For the full benchmark data, see /check/ornith-1-0-9b/rtx-4070-ti-super.

Troubleshooting

The reply is full of raw <think> / <tool_call> tags

Ornith is a reasoning model with native tool-calling: the assistant turn opens with a <think> … </think> block and emits <tool_call> blocks. If your client shows these as raw text, make sure the server applies the model's chat template — pass --jinja to llama-server, or use Ollama (which reads the GGUF's built-in tokenizer.chat_template). A correctly-templated server surfaces the reasoning as a separate reasoning_content field and the tool calls as OpenAI-style tool_calls, per the model card's quickstart note.

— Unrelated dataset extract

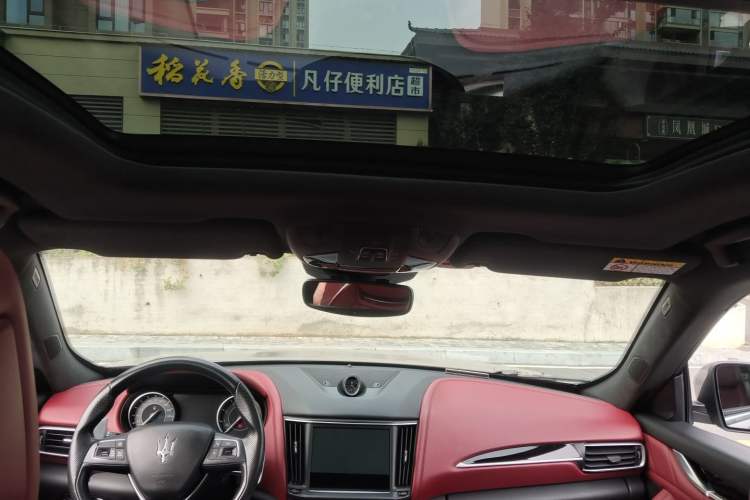 Used Maserati Levante 2022 3.0T Modena Headliner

Out of memory at a long context

Even at Q8_0 the weights fit 16GB easily; the KV cache is what grows. If you OOM when raising -c beyond ~131k, either lower the context length or quantize the KV cache with -fa on -ctk q8_0 -ctv q8_0 (see Running) to reach toward the full 262k window. Dropping from Q8_0 to Q6_K also frees ~2GB for context.

torch / CUDA not needed — this is llama.cpp

Serving Ornith via llama.cpp or Ollama does not require PyTorch, flash-attn wheels, or a Python ML stack — those belong to the vLLM/SGLang/Transformers paths on the card, which target 80GB datacenter GPUs. On the RTX 4070 Ti SUPER the GGUF + llama.cpp path is the right one; if you hit a CUDA error, confirm you installed the CUDA-enabled llama.cpp build (Option A) rather than a CPU-only binary.

Model or GPU 404 on /check

Ornith 1.0 9B is a new addition; if the /check link 404s, the catalogue row is still being registered. The recipe's install and run steps are independent of the benchmark endpoint.

common questions
How much VRAM does Ornith 1.0 9B need?

About 12 GB — the minimum this recipe targets.

Which GPUs is Ornith 1.0 9B tested on?

RTX 4070 Ti Super (16 GB).

How hard is this setup?

Intermediate — follow the steps above.